[Opening Records shown section]

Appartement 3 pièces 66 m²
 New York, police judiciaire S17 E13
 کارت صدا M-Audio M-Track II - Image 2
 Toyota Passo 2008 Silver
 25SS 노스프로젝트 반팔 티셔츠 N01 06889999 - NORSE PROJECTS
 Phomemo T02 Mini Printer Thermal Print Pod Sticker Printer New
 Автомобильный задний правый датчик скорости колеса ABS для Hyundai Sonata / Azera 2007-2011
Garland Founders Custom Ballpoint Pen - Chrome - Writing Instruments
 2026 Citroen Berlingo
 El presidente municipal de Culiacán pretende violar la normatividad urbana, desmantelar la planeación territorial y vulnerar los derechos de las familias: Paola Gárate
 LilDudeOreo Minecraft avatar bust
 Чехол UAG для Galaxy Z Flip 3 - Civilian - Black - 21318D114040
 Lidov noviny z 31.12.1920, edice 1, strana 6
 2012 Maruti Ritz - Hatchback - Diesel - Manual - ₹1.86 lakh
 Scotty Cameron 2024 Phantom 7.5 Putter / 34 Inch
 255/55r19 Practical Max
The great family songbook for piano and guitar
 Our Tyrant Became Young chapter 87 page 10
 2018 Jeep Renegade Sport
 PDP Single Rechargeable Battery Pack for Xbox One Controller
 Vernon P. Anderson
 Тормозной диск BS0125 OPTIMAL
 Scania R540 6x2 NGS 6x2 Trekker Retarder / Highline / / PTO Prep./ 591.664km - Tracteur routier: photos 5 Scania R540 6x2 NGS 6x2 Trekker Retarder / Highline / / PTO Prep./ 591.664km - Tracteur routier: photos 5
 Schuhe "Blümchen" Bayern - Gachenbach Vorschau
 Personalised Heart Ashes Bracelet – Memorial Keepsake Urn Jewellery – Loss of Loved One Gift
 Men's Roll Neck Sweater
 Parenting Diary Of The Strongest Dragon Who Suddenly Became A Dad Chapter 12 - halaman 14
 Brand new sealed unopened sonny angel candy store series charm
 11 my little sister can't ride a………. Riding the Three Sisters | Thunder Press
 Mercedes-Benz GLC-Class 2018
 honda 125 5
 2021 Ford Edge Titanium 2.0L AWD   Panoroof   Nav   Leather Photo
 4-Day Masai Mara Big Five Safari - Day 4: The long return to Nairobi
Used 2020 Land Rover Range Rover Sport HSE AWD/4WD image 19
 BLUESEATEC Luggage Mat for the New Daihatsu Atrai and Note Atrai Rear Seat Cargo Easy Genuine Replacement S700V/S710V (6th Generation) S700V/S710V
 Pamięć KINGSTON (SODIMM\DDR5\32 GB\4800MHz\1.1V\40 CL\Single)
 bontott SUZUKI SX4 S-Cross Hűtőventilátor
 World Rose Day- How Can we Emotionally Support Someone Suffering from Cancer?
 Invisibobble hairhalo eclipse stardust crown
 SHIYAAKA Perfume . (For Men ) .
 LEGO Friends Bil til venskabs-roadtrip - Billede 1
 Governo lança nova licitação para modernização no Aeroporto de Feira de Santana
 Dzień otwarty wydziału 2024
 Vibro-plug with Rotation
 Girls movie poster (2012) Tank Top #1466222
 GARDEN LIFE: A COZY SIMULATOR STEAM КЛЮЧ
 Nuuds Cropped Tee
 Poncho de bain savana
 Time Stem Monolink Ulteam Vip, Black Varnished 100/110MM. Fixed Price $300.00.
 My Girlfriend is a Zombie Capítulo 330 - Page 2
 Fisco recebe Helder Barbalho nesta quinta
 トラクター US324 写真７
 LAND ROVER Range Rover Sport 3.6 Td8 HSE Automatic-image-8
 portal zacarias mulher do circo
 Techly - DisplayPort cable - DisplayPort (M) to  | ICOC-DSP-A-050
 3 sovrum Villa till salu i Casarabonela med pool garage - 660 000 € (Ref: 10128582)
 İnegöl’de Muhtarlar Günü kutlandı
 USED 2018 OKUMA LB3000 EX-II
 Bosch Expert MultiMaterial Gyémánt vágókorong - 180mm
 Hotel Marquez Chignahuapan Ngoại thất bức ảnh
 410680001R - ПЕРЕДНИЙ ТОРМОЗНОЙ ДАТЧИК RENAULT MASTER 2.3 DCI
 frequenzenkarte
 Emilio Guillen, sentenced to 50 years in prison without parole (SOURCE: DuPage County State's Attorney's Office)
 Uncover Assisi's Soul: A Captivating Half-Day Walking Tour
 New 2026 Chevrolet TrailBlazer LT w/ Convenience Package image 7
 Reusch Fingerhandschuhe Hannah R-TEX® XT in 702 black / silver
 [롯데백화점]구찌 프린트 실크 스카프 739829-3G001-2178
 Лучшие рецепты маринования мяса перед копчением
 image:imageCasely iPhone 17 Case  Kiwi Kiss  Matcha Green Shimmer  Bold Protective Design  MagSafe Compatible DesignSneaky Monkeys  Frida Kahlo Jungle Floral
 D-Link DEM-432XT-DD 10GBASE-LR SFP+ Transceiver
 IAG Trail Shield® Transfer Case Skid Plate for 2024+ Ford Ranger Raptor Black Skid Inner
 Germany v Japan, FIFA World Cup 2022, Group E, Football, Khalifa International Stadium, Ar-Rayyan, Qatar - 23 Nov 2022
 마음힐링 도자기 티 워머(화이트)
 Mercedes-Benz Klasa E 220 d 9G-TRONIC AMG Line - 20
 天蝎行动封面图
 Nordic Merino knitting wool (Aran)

[Closing Records shown section]

Reproduce every record exactly, line by line.

Appartement 3 pièces 66 m²
 New York, police judiciaire S17 E13
 کارت صدا M-Audio M-Track II - Image 2
 Toyota Passo 2008 Silver
 25SS 노스프로젝트 반팔 티셔츠 N01 06889999 - NORSE PROJECTS
 Phomemo T02 Mini Printer Thermal Print Pod Sticker Printer New
 Автомобильный задний правый датчик скорости колеса ABS для Hyundai Sonata / Azera 2007-2011
Garland Founders Custom Ballpoint Pen - Chrome - Writing Instruments
 2026 Citroen Berlingo
 El presidente municipal de Culiacán pretende violar la normatividad urbana, desmantelar la planeación territorial y vulnerar los derechos de las familias: Paola Gárate
 LilDudeOreo Minecraft avatar bust
 Чехол UAG для Galaxy Z Flip 3 - Civilian - Black - 21318D114040
 Lidov noviny z 31.12.1920, edice 1, strana 6
 2012 Maruti Ritz - Hatchback - Diesel - Manual - ₹1.86 lakh
 Scotty Cameron 2024 Phantom 7.5 Putter / 34 Inch
 255/55r19 Practical Max
The great family songbook for piano and guitar
 Our Tyrant Became Young chapter 87 page 10
 2018 Jeep Renegade Sport
 PDP Single Rechargeable Battery Pack for Xbox One Controller
 Vernon P. Anderson
 Тормозной диск BS0125 OPTIMAL
 Scania R540 6x2 NGS 6x2 Trekker Retarder / Highline / / PTO Prep./ 591.664km - Tracteur routier: photos 5 Scania R540 6x2 NGS 6x2 Trekker Retarder / Highline / / PTO Prep./ 591.664km - Tracteur routier: photos 5
 Schuhe "Blümchen" Bayern - Gachenbach Vorschau
 Personalised Heart Ashes Bracelet – Memorial Keepsake Urn Jewellery – Loss of Loved One Gift
 Men's Roll Neck Sweater
 Parenting Diary Of The Strongest Dragon Who Suddenly Became A Dad Chapter 12 - halaman 14
 Brand new sealed unopened sonny angel candy store series charm
 11 my little sister can't ride a………. Riding the Three Sisters | Thunder Press
 Mercedes-Benz GLC-Class 2018
 honda 125 5
 2021 Ford Edge Titanium 2.0L AWD   Panoroof   Nav   Leather Photo
 4-Day Masai Mara Big Five Safari - Day 4: The long return to Nairobi
Used 2020 Land Rover Range Rover Sport HSE AWD/4WD image 19
 BLUESEATEC Luggage Mat for the New Daihatsu Atrai and Note Atrai Rear Seat Cargo Easy Genuine Replacement S700V/S710V (6th Generation) S700V/S710V
 Pamięć KINGSTON (SODIMM\DDR5\32 GB\4800MHz\1.1V\40 CL\Single)
 bontott SUZUKI SX4 S-Cross Hűtőventilátor
 World Rose Day- How Can we Emotionally Support Someone Suffering from Cancer?
 Invisibobble hairhalo eclipse stardust crown
 SHIYAAKA Perfume . (For Men ) .
 LEGO Friends Bil til venskabs-roadtrip - Billede 1
 Governo lança nova licitação para modernização no Aeroporto de Feira de Santana
 Dzień otwarty wydziału 2024
 Vibro-plug with Rotation
 Girls movie poster (2012) Tank Top #1466222
 GARDEN LIFE: A COZY SIMULATOR STEAM КЛЮЧ
 Nuuds Cropped Tee
 Poncho de bain savana
 Time Stem Monolink Ulteam Vip, Black Varnished 100/110MM. Fixed Price $300.00.
 My Girlfriend is a Zombie Capítulo 330 - Page 2
 Fisco recebe Helder Barbalho nesta quinta
 トラクター US324 写真７
 LAND ROVER Range Rover Sport 3.6 Td8 HSE Automatic-image-8
 portal zacarias mulher do circo
 Techly - DisplayPort cable - DisplayPort (M) to  | ICOC-DSP-A-050
 3 sovrum Villa till salu i Casarabonela med pool garage - 660 000 € (Ref: 10128582)
 İnegöl’de Muhtarlar Günü kutlandı
 USED 2018 OKUMA LB3000 EX-II
 Bosch Expert MultiMaterial Gyémánt vágókorong - 180mm
 Hotel Marquez Chignahuapan Ngoại thất bức ảnh
 410680001R - ПЕРЕДНИЙ ТОРМОЗНОЙ ДАТЧИК RENAULT MASTER 2.3 DCI
 frequenzenkarte
 Emilio Guillen, sentenced to 50 years in prison without parole (SOURCE: DuPage County State's Attorney's Office)
 Uncover Assisi's Soul: A Captivating Half-Day Walking Tour
 New 2026 Chevrolet TrailBlazer LT w/ Convenience Package image 7
 Reusch Fingerhandschuhe Hannah R-TEX® XT in 702 black / silver
 [롯데백화점]구찌 프린트 실크 스카프 739829-3G001-2178
 Лучшие рецепты маринования мяса перед копчением
 image:imageCasely iPhone 17 Case  Kiwi Kiss  Matcha Green Shimmer  Bold Protective Design  MagSafe Compatible DesignSneaky Monkeys  Frida Kahlo Jungle Floral
 D-Link DEM-432XT-DD 10GBASE-LR SFP+ Transceiver
 IAG Trail Shield® Transfer Case Skid Plate for 2024+ Ford Ranger Raptor Black Skid Inner
 Germany v Japan, FIFA World Cup 2022, Group E, Football, Khalifa International Stadium, Ar-Rayyan, Qatar - 23 Nov 2022
 마음힐링 도자기 티 워머(화이트)
 Mercedes-Benz Klasa E 220 d 9G-TRONIC AMG Line - 20
 天蝎行动封面图
 Nordic Merino knitting wool (Aran)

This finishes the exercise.